**Directions**: Your response to the data below should hold nothing except the lines from the one containing "And that's all" down to the one containing "So, looking at", reproduced exactly and without pictures.

**Excerpted data**:
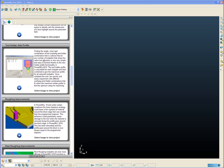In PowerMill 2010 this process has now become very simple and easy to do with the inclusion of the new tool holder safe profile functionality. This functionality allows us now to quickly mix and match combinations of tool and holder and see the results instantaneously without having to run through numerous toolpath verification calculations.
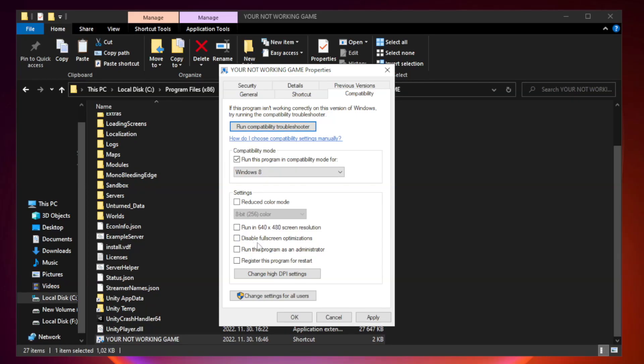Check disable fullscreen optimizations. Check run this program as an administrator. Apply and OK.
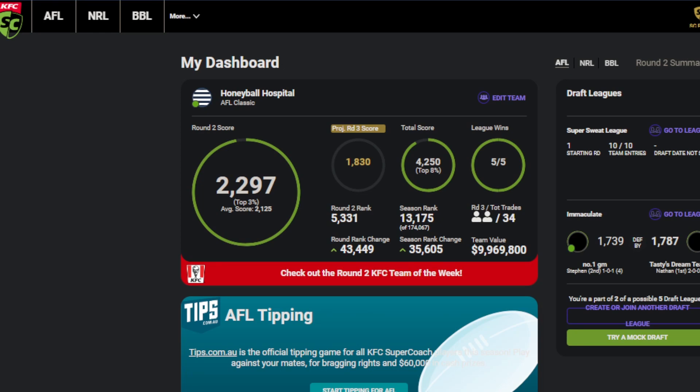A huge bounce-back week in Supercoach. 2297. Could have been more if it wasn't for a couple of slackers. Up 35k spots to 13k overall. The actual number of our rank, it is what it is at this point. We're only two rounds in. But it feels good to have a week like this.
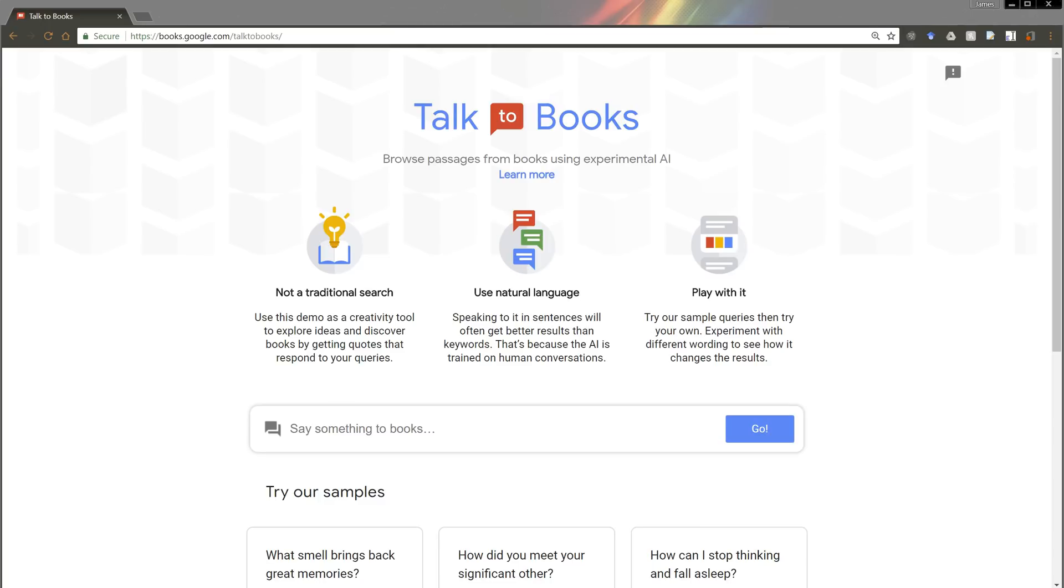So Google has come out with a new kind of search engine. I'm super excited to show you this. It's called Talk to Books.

---

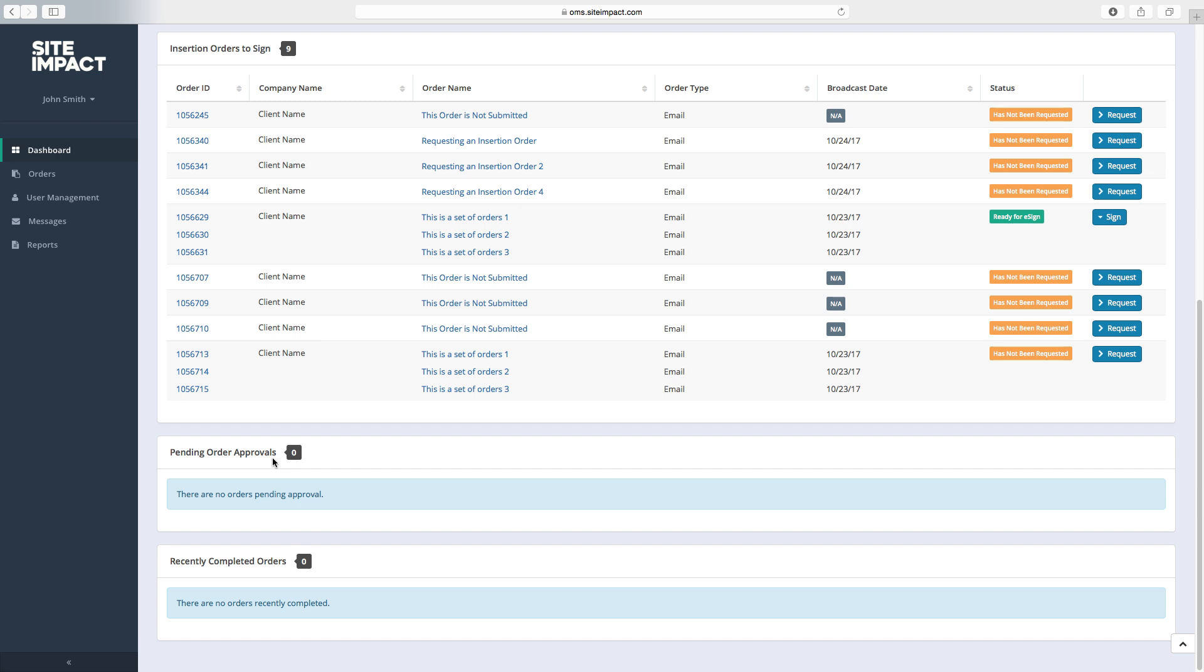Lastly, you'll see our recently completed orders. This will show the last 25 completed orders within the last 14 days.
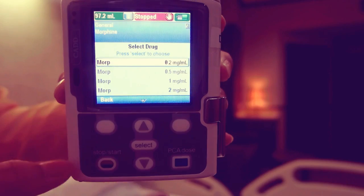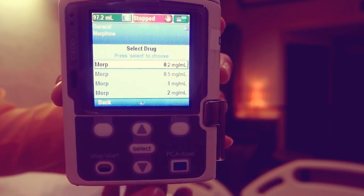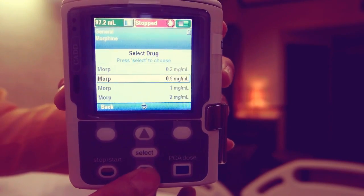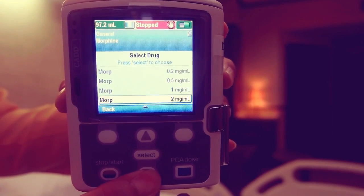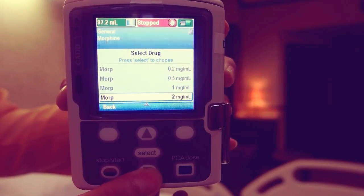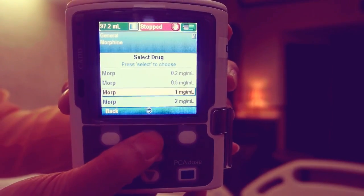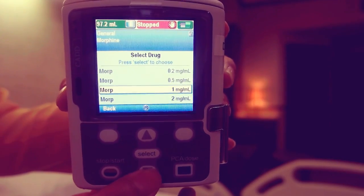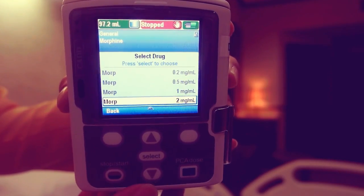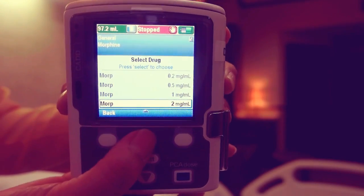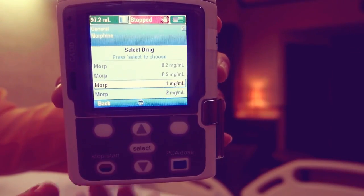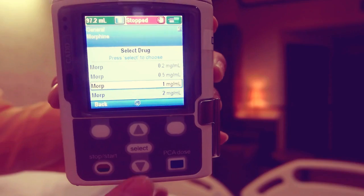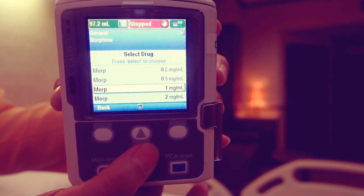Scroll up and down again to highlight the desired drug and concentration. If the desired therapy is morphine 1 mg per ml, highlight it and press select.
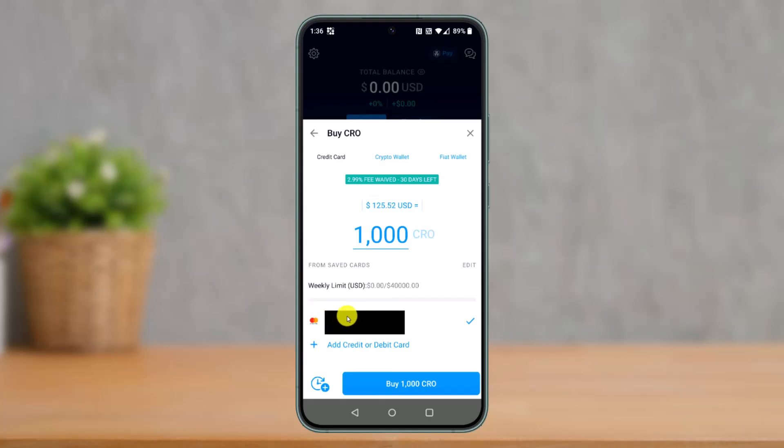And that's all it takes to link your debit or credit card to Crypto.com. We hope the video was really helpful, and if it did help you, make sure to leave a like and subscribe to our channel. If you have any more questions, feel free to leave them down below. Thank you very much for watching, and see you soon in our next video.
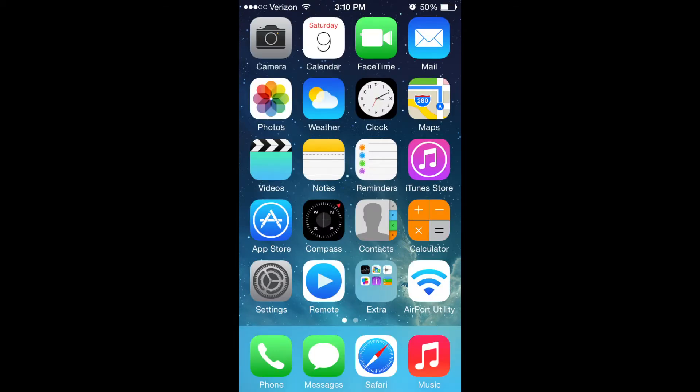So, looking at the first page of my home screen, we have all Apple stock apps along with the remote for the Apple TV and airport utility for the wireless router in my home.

**Task solution**:
And that's all it takes to link your debit or credit card to Crypto.com. We hope the video was really helpful, and if it did help you, make sure to leave a like and subscribe to our channel. If you have any more questions, feel free to leave them down below. Thank you very much for watching, and see you soon in our next video.
So, looking at the first page of my home screen, we have all Apple stock apps along with the remote for the Apple TV and airport utility for the wireless router in my home.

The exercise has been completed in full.